EXERCISE INSTRUCTIONS:
Begin at the line holding "4 koi karpers en vijverpomp, Karper of Koi" and set down exactly each line through the last one below, omitting pictures. Include nothing else.

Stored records
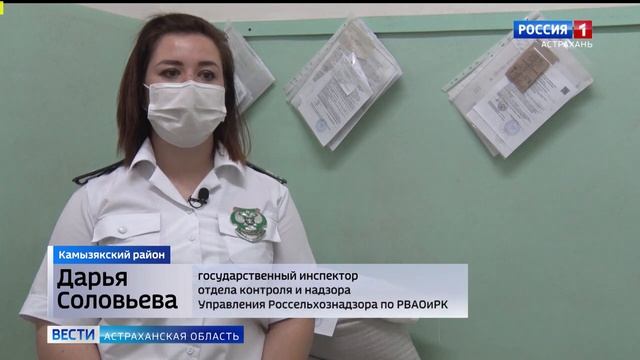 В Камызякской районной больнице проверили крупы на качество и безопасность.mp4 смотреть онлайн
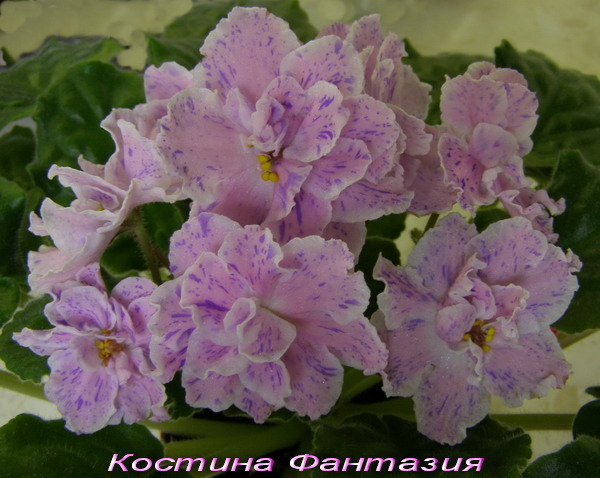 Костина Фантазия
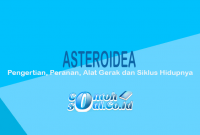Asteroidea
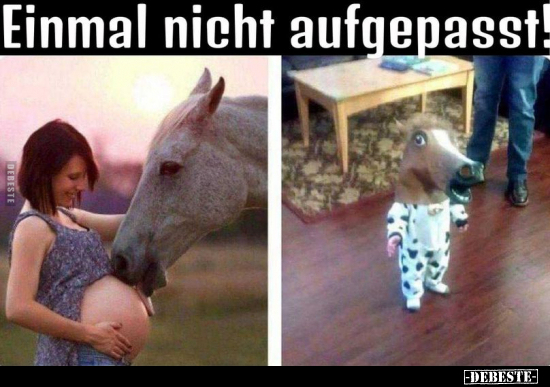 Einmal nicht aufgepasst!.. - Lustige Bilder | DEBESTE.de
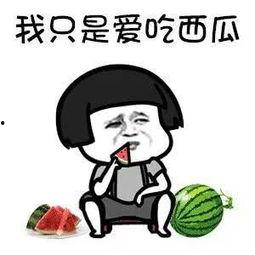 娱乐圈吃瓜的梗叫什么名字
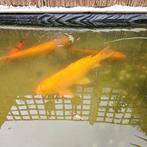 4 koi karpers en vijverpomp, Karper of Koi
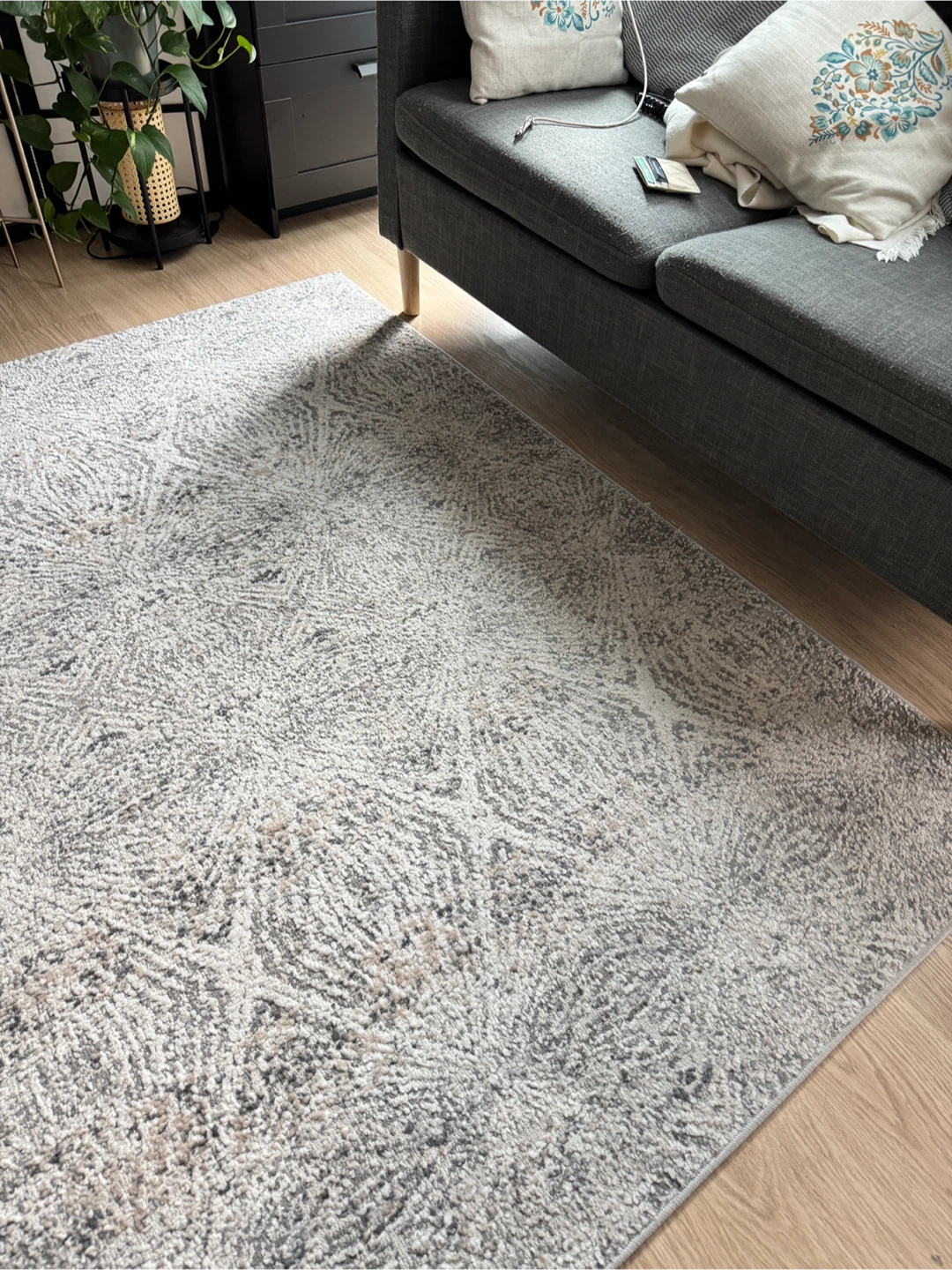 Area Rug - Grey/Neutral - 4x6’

SOLUTION:
 4 koi karpers en vijverpomp, Karper of Koi
 Area Rug - Grey/Neutral - 4x6’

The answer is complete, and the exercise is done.